0

I want to extract html page from an xml file. Any ideas please ?

 <?xml ....>
      <first>
      </first>

         <second>
         </second>
      <xhtml>
          <html>
              .....some html code here
          </html>
      </xhtml>

I want to extract html page as it is from the above.

af_khan
  • 1,030
  • 4
  • 25
  • 49

3 Answers3

0

because xml and html markup is similar any xml parser might have issues with it. I would suggest when you save the html data in the xml file, you encode it to prevent the xml parser from having issues. Then when you recall the data from the xml you just need to decode it for use.

<?xml ....?
<first></first>
<second></second>
<markup>
    &lt;html&gt;
        code here
    &lt;/html&gt;
</markup>

when you decode the markup section it will look like this

<html>
    code here
</html>
Kenneth Garza
  • 1,886
  • 14
  • 12
  • i am not generating this xml... Its coming as a response from a webservice. So no control on what i get. – af_khan Apr 15 '13 at 12:06
  • ahh ok, well then no fun there. I am not awesome with java (or even decent at it) so I can be of little help on that front. Good luck though. – Kenneth Garza Apr 15 '13 at 12:12
0

You might find this of some use:

http://www.w3schools.com/xml/xml_parser.asp

You can extract the HTML from the XML using JavaScript. You can then create an element on your HTML page in JavaScript and dump the HTML in there. The only issue with this is that it seems that the XML data you're receiving has a HTML tag.
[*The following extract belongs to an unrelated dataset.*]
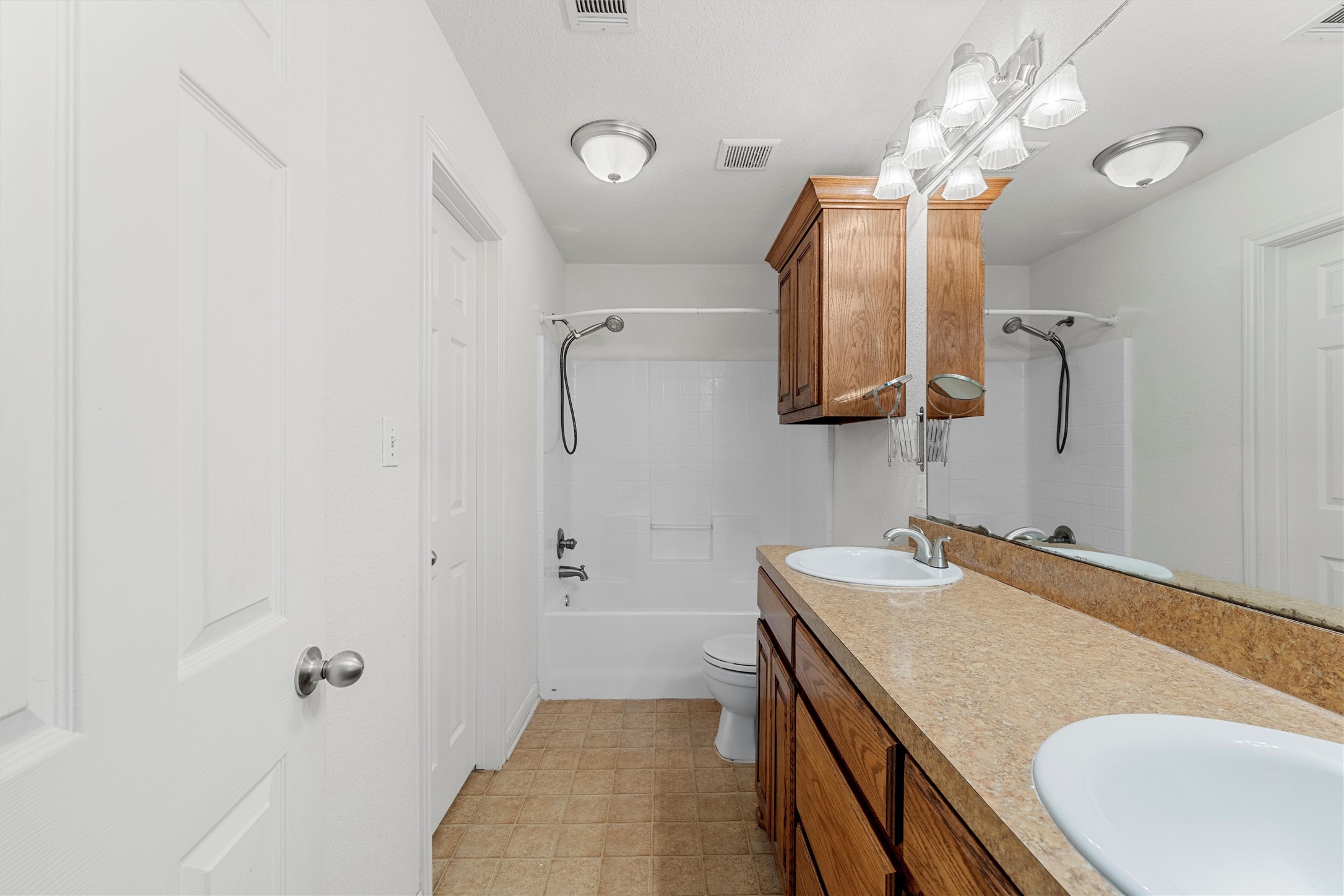 708 Sapphire Boulevard Hewitt TX 76643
If you want to add the content to an existing page, then you would have to strip the html and body tags.

James Croft
  • 1,680
  • 13
  • 25
0

If you use python, extraction can be very easy.
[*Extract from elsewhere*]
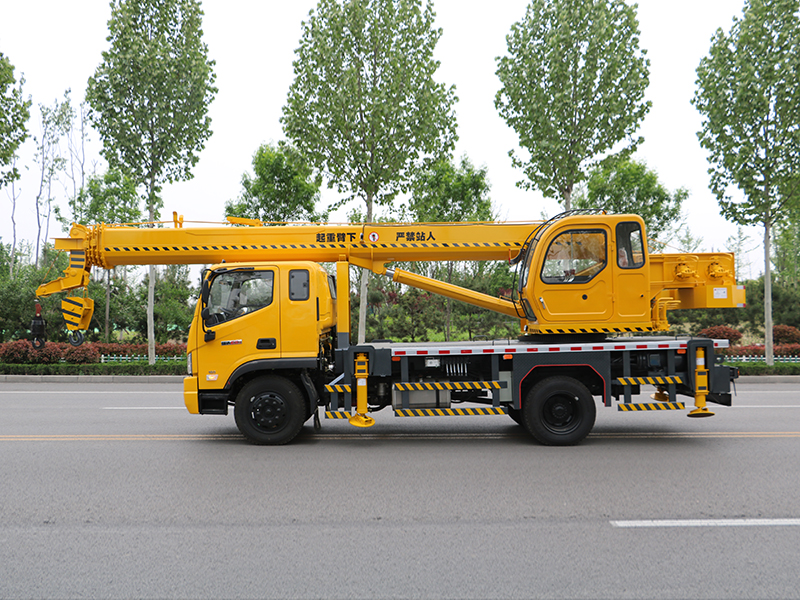 福田12噸汽車吊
from simplified_scrapy.simplified_doc import SimplifiedDoc 
html='''
 <?xml >
    <first>
    </first>
        <second>
        </second>
    <xhtml>
        <html>
            .....some html code here
        </html>
    </xhtml>
'''
doc = SimplifiedDoc(html)
html = doc.xhtml.html
print (html)

First you need to install simplified_scrapy using pip.

pip install simplified_scrapy
dabingsou
  • 2,469
  • 1
  • 5
  • 8